Take the lines from the one containing "Come0nIrene's tweet photo." through the final line below and restate them exactly. Omit the pictures.

**Collected material:**
━━━

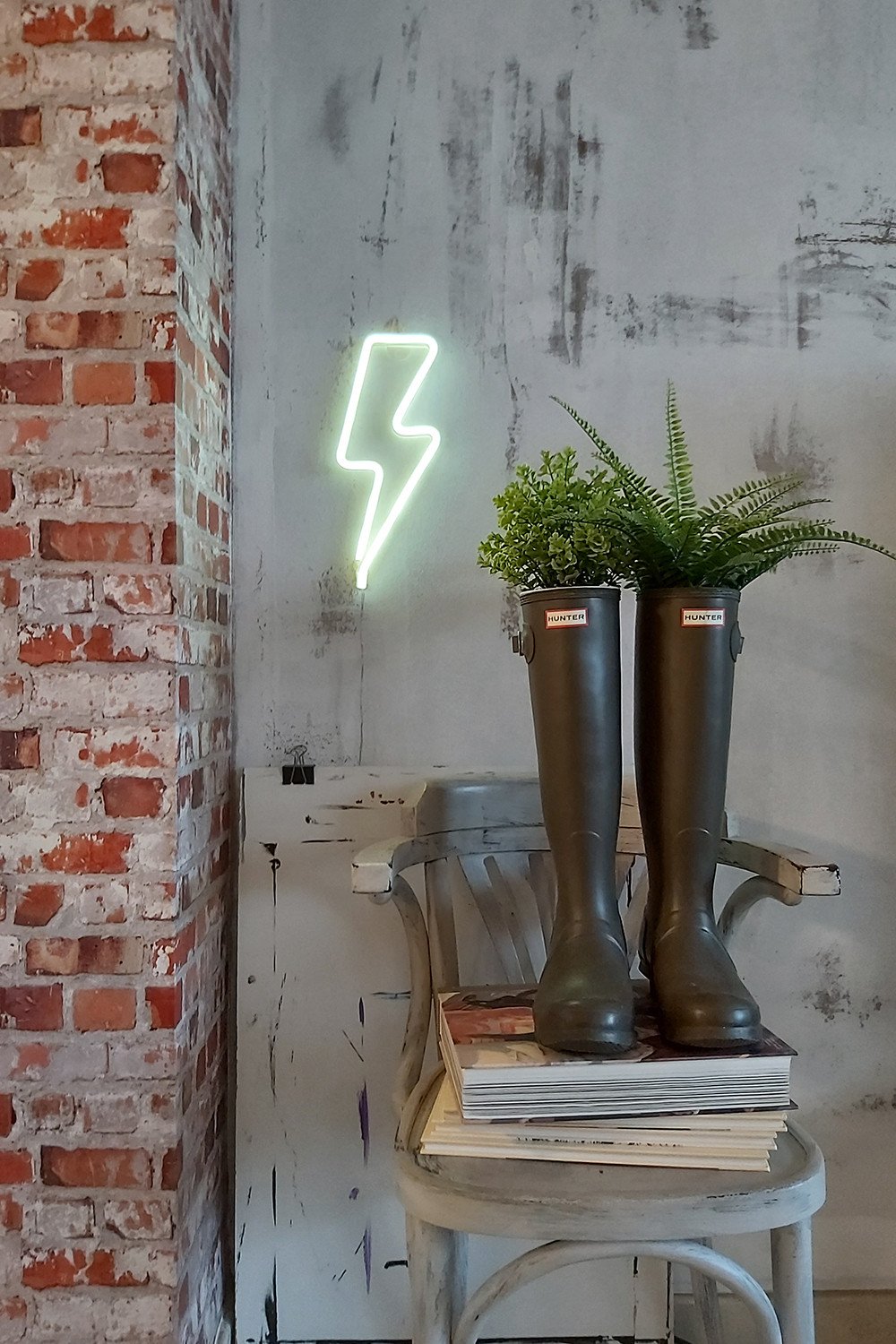 Figura Neon Ayo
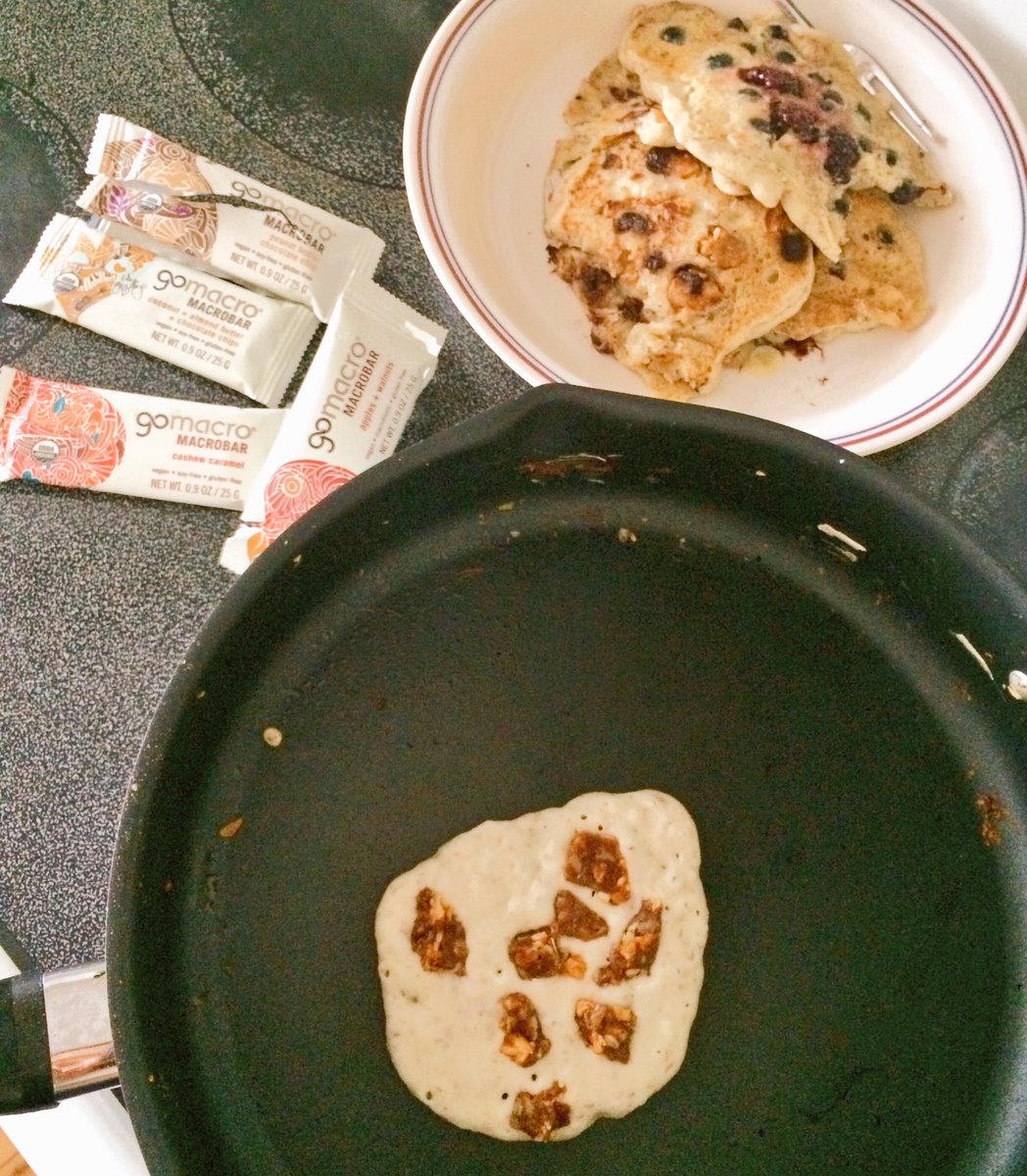 Come0nIrene's tweet photo. Cooking @gomacro #macrobars into these delicious #glutenfree #dairyfree pancakes is the best way to survive Wednesday 👍🏼 https://t.co/QRhwMCMYwT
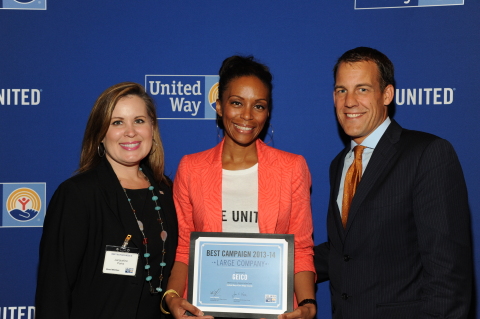 GEICO's LaDonna Bond (center) accepts United Way's Best Practice Award. Photo courtesy of United Way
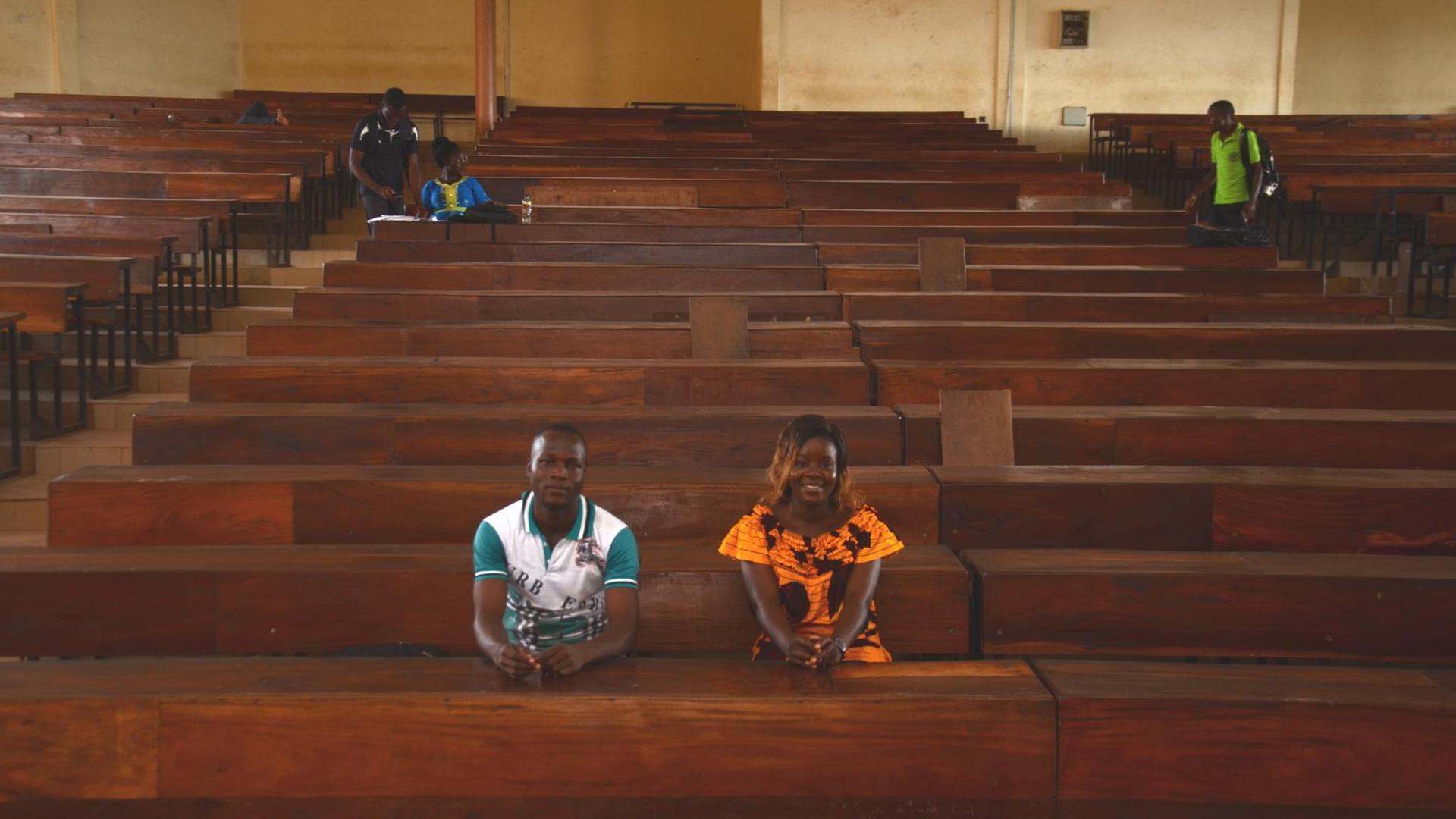 Abdoulaye Koumbeau und Babantsinna Tchamou im Hörsaal. Jetzt sind Semesterferien. Doch normalerweise drängen sich viele hundert Studierende in den Hörsaal.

━━━

**Problem solution:**
 Come0nIrene's tweet photo. Cooking @gomacro #macrobars into these delicious #glutenfree #dairyfree pancakes is the best way to survive Wednesday 👍🏼 https://t.co/QRhwMCMYwT
 GEICO's LaDonna Bond (center) accepts United Way's Best Practice Award. Photo courtesy of United Way
 Abdoulaye Koumbeau und Babantsinna Tchamou im Hörsaal. Jetzt sind Semesterferien. Doch normalerweise drängen sich viele hundert Studierende in den Hörsaal.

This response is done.